Here, the hdr_flag field may have the same meaning as the hdr_flag field in the aforementioned visual sample group entry. The information in the HDR configuration box may have the same meaning as the information in the HDR configuration box described above. In this case, however, each piece of information may be described for the corresponding sample group. That is, the information in the HDR configuration box can provide default HDR information (parameters) that can be commonly applied to HDR video samples of the corresponding sample group. Here, the average_frame_luminance_level field and / or the max_frame_pixel_luminance field may have different meanings. The average_frame_luminance_level field may indicate a maximum value among average values of luminance levels of each video sample belonging to the corresponding sample group. The max_frame_pixel_luminance field may indicate the largest value among the maximum values of pixel luminance of each video sample belonging to the corresponding sample group.

In the illustrated embodiment t21040, the HDR information may be included in the visual sampel entry.
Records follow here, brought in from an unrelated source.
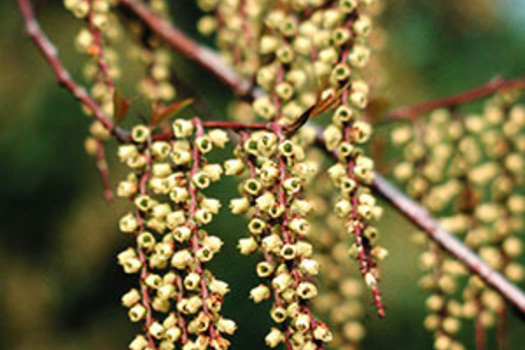 Stachyurus chinensis 'Celina'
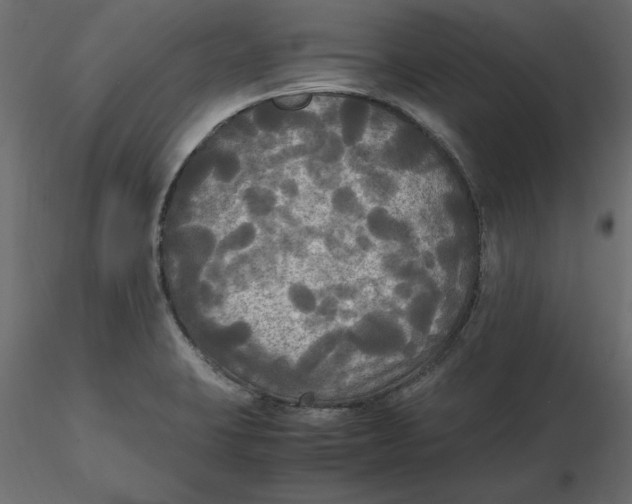 X0000116581423200912312005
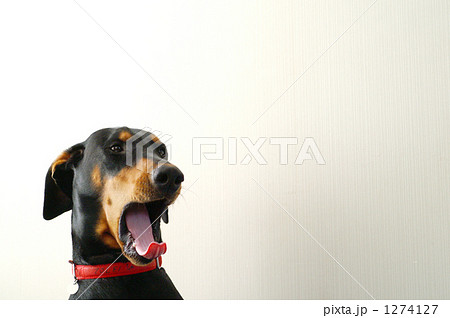 ドーベルマンあくび 1274127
As initialization information required to decode respective video samples present in one media file or fragment, HDR flag information related to the sample may be further included in the visual sample entry.
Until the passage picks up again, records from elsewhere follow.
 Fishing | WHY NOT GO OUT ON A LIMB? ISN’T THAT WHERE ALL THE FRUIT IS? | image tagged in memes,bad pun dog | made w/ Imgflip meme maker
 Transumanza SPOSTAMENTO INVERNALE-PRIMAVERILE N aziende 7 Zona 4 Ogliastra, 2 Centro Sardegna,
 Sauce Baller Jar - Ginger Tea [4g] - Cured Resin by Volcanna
The hdr_flag field may indicate whether the associated video track or sample includes the HDR video sample. The hdr_type_transition_flag field may indicate whether HDR information (parameter) for an associated video track or sample is changed and thus other HDR information is applied. The hdr_sdr_transition_flag field may be a flag indicating whether an associated video track or sample is switched from HDR to SDR. The sdr_hdr_transition_flag field may be a flag indicating whether an associated video track or sample is switched from SDR to HDR. The sdr_compatibility_flag field may be a flag indicating whether an associated video track or sample is compatible with the SDR decoder / display.

In the illustrated embodiment t21050, HDR information may be included in a visual sampel entry. As initialization information required to decode respective video samples present in one media file or fragment, HDR information (parameter) related to the sample may be further included in the visual sample entry.
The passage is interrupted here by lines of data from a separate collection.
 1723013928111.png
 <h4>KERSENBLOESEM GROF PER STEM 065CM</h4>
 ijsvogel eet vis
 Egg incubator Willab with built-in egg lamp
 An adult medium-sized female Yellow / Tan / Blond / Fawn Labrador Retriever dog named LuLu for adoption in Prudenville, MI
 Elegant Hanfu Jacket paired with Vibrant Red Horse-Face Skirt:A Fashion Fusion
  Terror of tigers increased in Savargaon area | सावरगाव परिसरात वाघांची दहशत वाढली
The hdr_flag field may indicate whether the associated video track or sample includes the HDR video sample. The hdr_config box is an HDR configuration box and may include HDR information (parameters) about an associated video track or sample. Each of the information included in the above-described HDR configuration box may be as described above. In this case, however, each of the pieces of information may describe the associated video track or samples.

FIG. 37 illustrates a scheme for defining HDR information in a HEVC sample entry, an HEVC configuration box, or an HEVC decoder configuration record according to an embodiment of the present invention. FIG.

In the illustrated embodiment t22010, the HDR information may be included in the HEVC sample entry HEVCSampleEntry. As initialization information required to decode respective HEVC samples present in the media file or fragment, HDR information related to each HEVC sample or the like may be added as shown. The added HDR information may be added in the form of the above-described HDR configuration box according to an embodiment. According to an embodiment, the HDR information may be added in the same manner as AVC sample entry (AVCSampleEntry), AVC2 sample entry (AVC2SampleEntry), SVC sample entry (SVCSampleEntry), MVC sample entry (MVCSampleEntry).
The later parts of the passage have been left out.